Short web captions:
════════════════
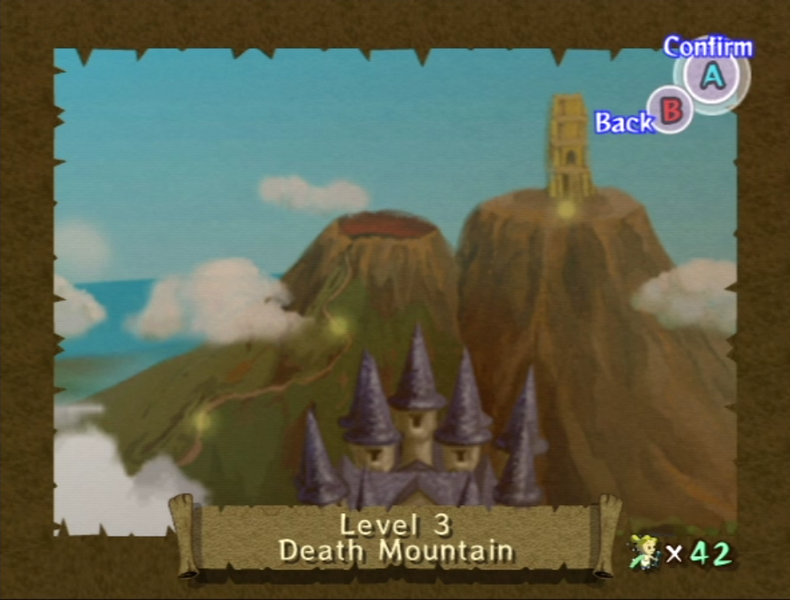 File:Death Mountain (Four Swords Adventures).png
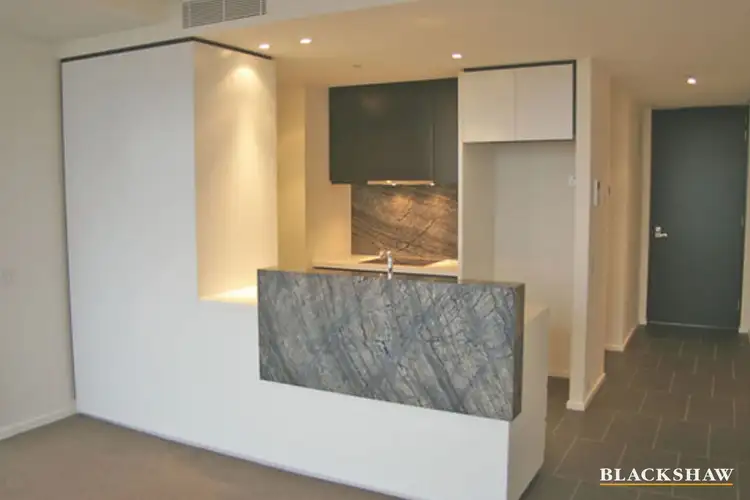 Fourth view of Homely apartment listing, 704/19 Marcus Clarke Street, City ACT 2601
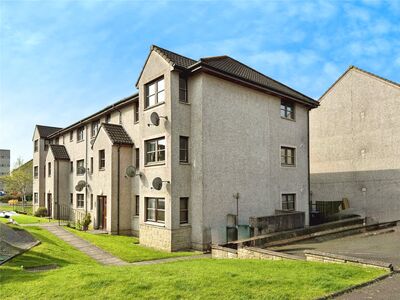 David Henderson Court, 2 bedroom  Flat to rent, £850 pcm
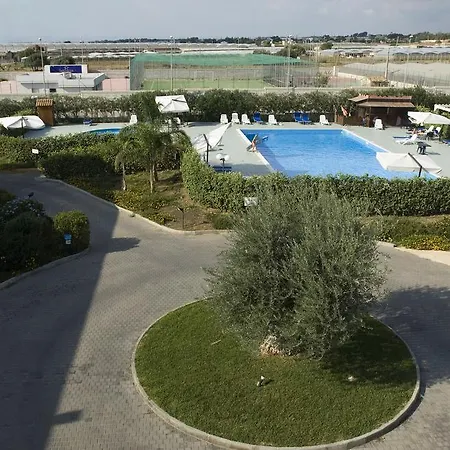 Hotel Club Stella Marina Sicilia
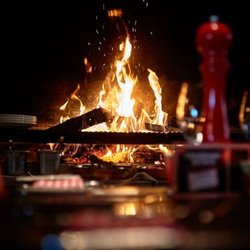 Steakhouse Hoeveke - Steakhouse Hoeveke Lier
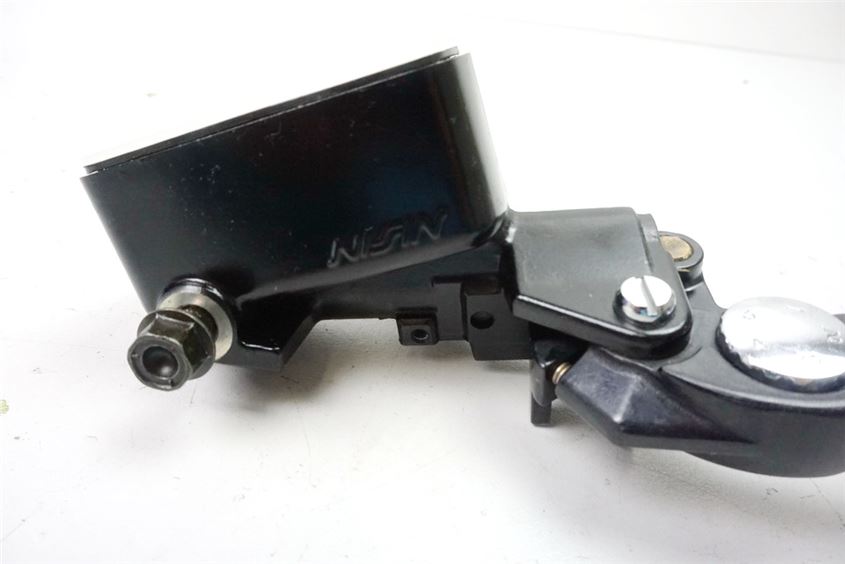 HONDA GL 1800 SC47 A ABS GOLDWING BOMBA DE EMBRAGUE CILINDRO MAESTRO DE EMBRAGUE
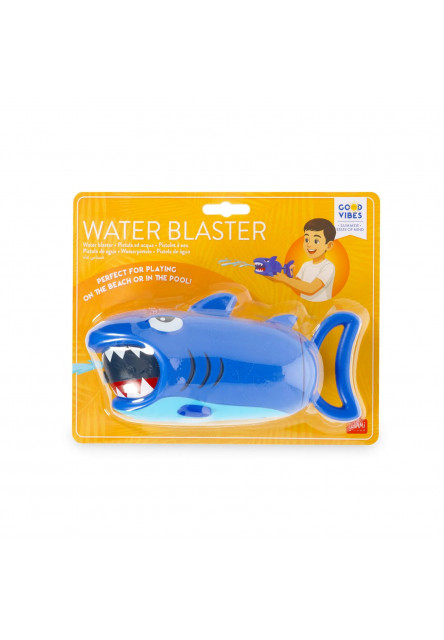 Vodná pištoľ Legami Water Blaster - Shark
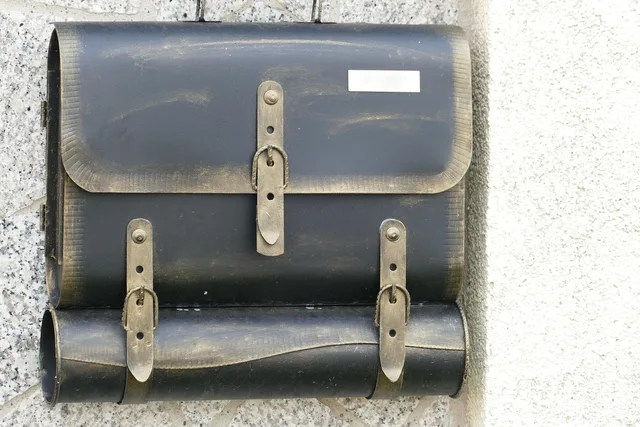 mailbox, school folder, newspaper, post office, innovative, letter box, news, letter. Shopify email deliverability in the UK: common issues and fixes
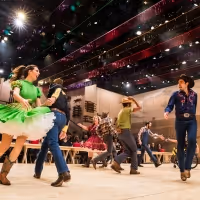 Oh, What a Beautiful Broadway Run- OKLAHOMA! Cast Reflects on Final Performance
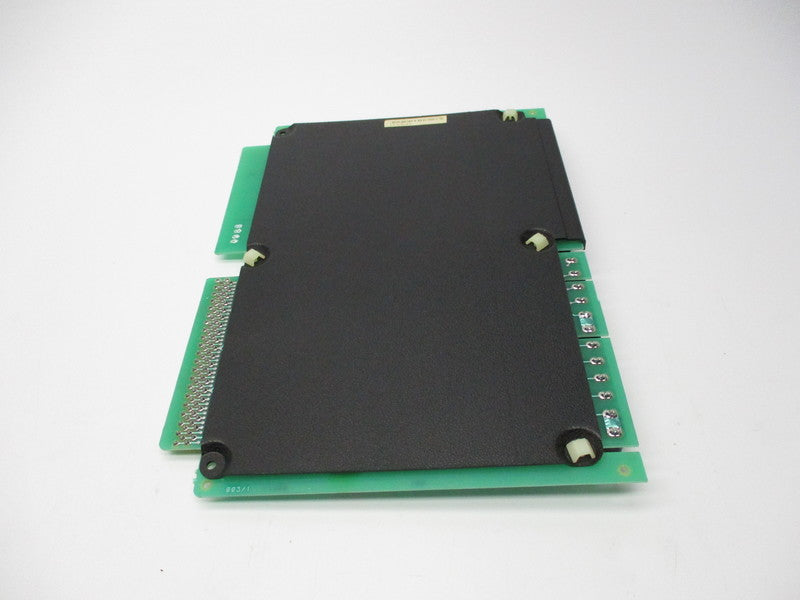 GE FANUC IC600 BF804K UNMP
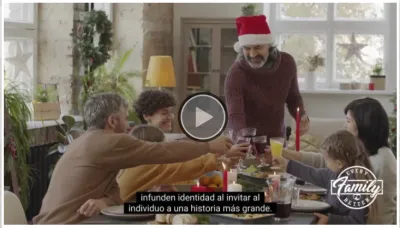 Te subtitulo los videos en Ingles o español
════════════════
- [REQUIRED WORK]:
In the records above, find the line that contains "Fourth view of" and repeat exactly that line and all lines after it to the end. Do not include pictures.

- [OUTPUT]:
 Fourth view of Homely apartment listing, 704/19 Marcus Clarke Street, City ACT 2601
 David Henderson Court, 2 bedroom  Flat to rent, £850 pcm
 Hotel Club Stella Marina Sicilia
 Steakhouse Hoeveke - Steakhouse Hoeveke Lier
 HONDA GL 1800 SC47 A ABS GOLDWING BOMBA DE EMBRAGUE CILINDRO MAESTRO DE EMBRAGUE
 Vodná pištoľ Legami Water Blaster - Shark
 mailbox, school folder, newspaper, post office, innovative, letter box, news, letter. Shopify email deliverability in the UK: common issues and fixes
 Oh, What a Beautiful Broadway Run- OKLAHOMA! Cast Reflects on Final Performance
 GE FANUC IC600 BF804K UNMP
 Te subtitulo los videos en Ingles o español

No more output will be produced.